I have been fortunate to have experienced some of the very best superyachts in the world. Days spent drinking champagne while moored off tranquil Mediterranean coves, evenings spent traversing Atlantic and Pacific Oceans, Adriatic and Tyrrhenian Seas, and waking up to the most amazing ports from Positano to La Paz.
Bonding with the captains and crew is always one of the highlights of yachting and I am constantly amazed at the new technologies and amenities added for comfort and safety. On one particular voyage, I was a bit apprehensive about some of the places we would anchor at every night. Small villages filled with inquiring eyes; large groups of natives would greet us when we disembarked to explore. It wasn’t until a month after I returned home that I heard about armed pirates boarding a similar boat, pistol whipping the captain and stealing the guest’s passports and money.

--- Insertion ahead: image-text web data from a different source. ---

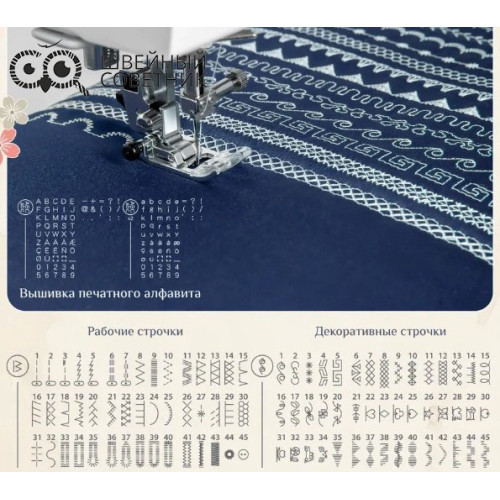 Швейная машина HappyJapan ADV-6000 в Минске
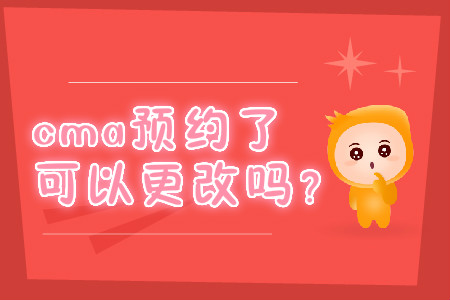 cma預約了可以更改嗎？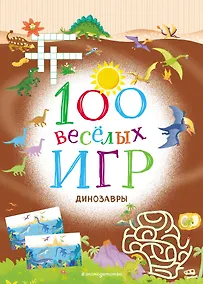 Купить 100 весёлых игр. Динозавры — Фото №1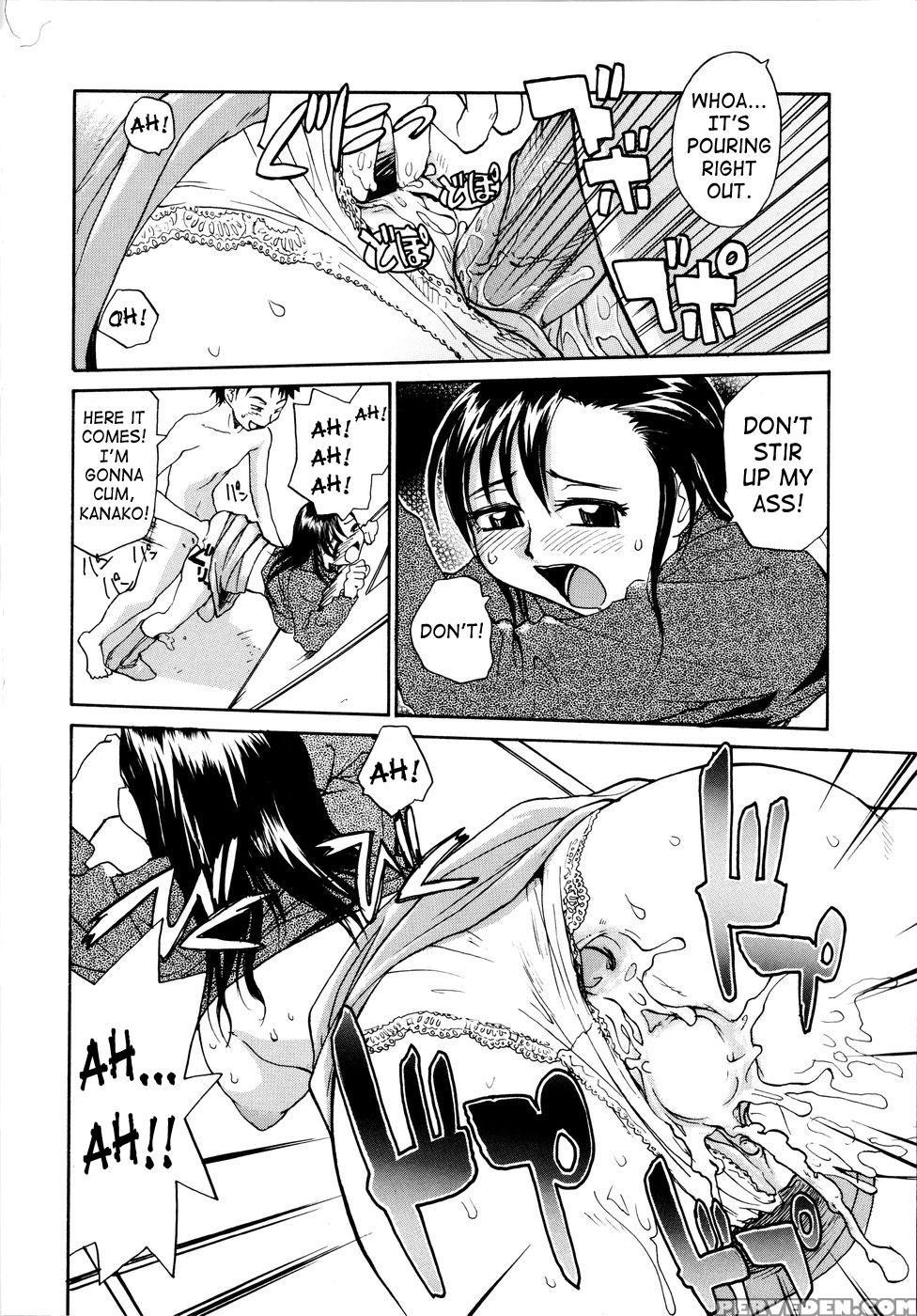 [rate] Oneechin [english] 1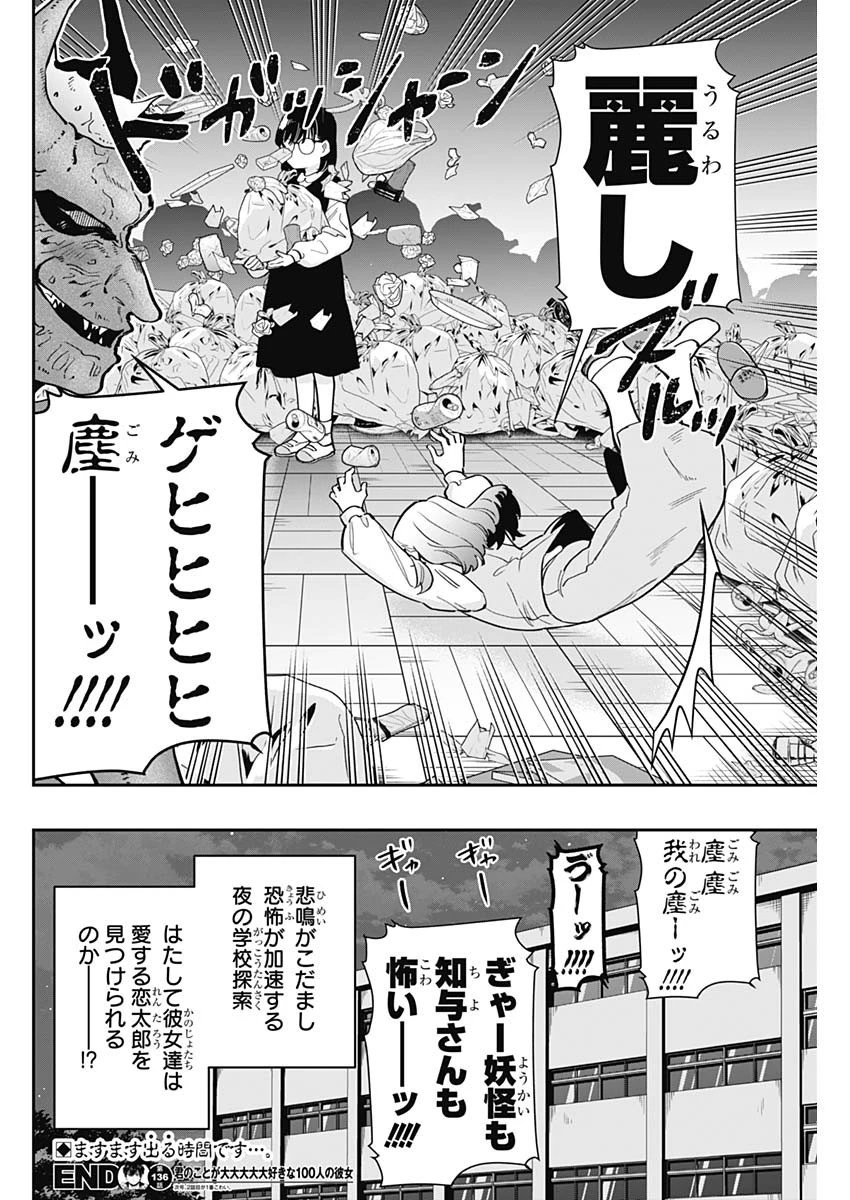 君のことが大大大大大好きな100人の彼女 第136話 - 20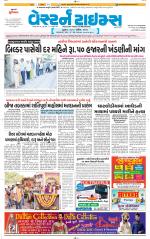Ahmedabad Gujarati (Morning Daily)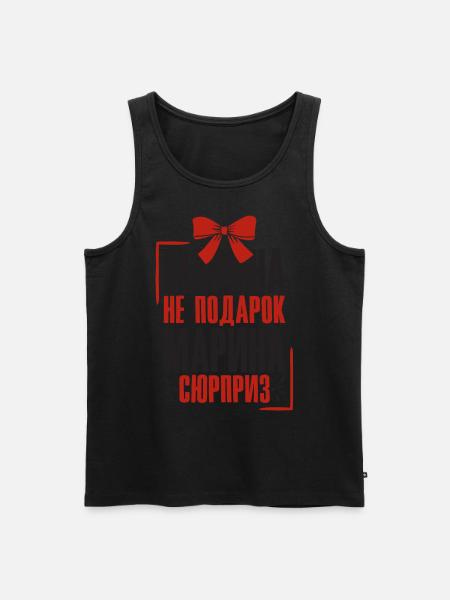 Marina mówi w rosyjskiej Rosji strój dla - Ekologiczny tank top męski Premium - czarny
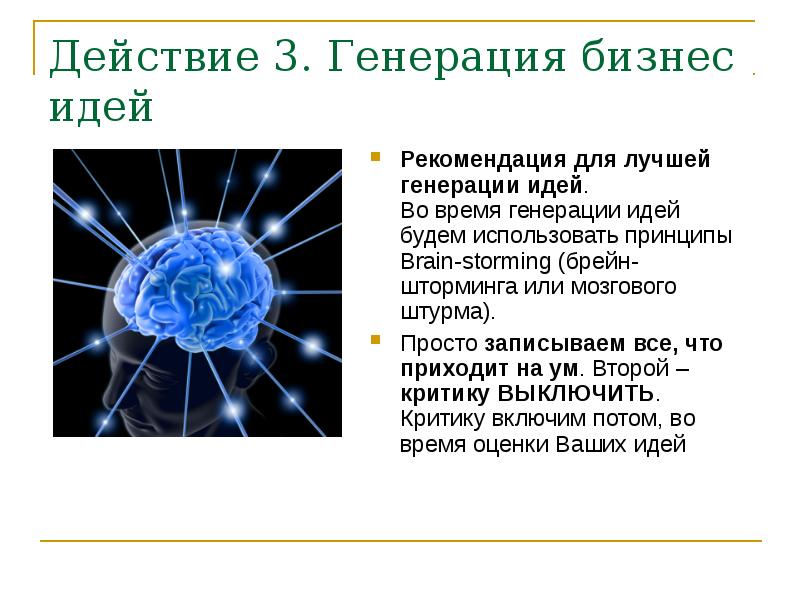 Методы генерации идей проекта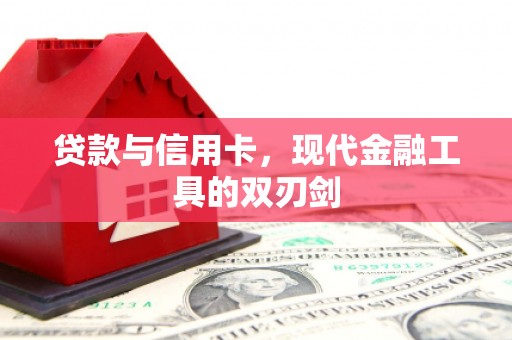 迭部贷款与信用卡，现代金融工具的双刃剑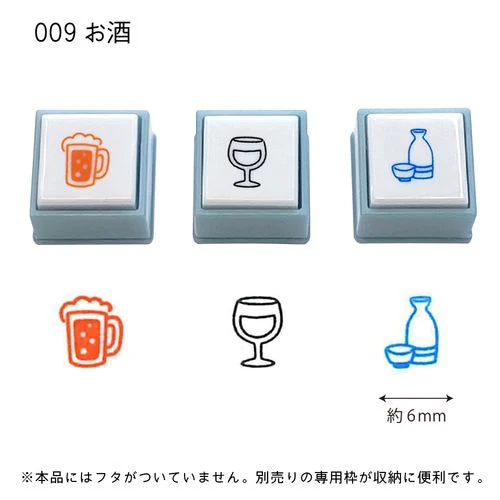 Pochitto Pick Mini Stamps - KODOMO NO KAO - Set of 3 Self-Inking 6mm - Image 16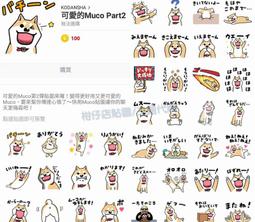 代購 可愛的小東西 可以當腰包 特價2980（高 歷史價格詳細信息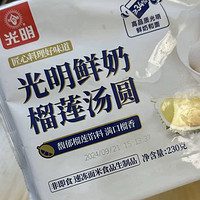 舌尖上的新奇邂逅：光明鲜奶榴莲汤圆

We are, after all displaying massive amounts of wealth floating to remote areas in these extravagant vessels with cocktails in hand, and it would only become a matter of time before enterprising and often desperately poor natives would take advantage. Such is the case currently in Venezuela and Trinidad, two areas previously safe to yachts but now on the red alert watch list as piracy is increasing dramatically.
The shipping industry is continuing its fight against pirates with The International Chamber of Commerce International Maritime Bureau’s Piracy Reporting Center detailing that 27 vessels were boarded, seven vessels were fired upon and four attempted attacks occurred in the first quarter of 2019.